Clendenin Magisterial District is one of ten magisterial districts in Mason County, West Virginia, United States. The district was originally established as a civil township in 1863, and converted into a magisterial district in 1872. In 2020, Clendenin District was home to 3,435 people.

==Geography==
Clendenin District is located along the Ohio River in the southern part of Mason County. To the north, it is bounded by the Ohio and Kanawha Rivers, and by Lewis District; to the northeast, by Arbuckle District; to the southeast by Buffalo-Union District in Putnam County, formerly Buffalo District; to the south by Hannan District, in Mason County; and to the west by the Ohio River.

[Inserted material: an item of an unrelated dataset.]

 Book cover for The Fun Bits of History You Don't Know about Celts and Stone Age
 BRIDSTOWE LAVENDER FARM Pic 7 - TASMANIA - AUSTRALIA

Across the river are Gallipolis and Clay Townships, in Gallia County, Ohio, and the village of Gallipolis.

Clendenin District includes submerged land in the Ohio River to the low water mark on the Ohio shore, originally reserved by the state of Virginia, when it ceded its claim to the Northwest Territory in 1784. As a result, the district includes Gallipolis Island, a quarter-mile long island barely two hundred feet from the Gallipolis shore. The district also includes the Robert C. Byrd Locks and Dam, on the Ohio River just above Apple Grove. Excluded from Clendenin District is Raccoon Island, a former island, now a shoal in the Ohio River opposite the mouth of Crab Creek; at low water, Raccoon Island was connected to the mainland, so it belongs to Clay Township in Gallia County.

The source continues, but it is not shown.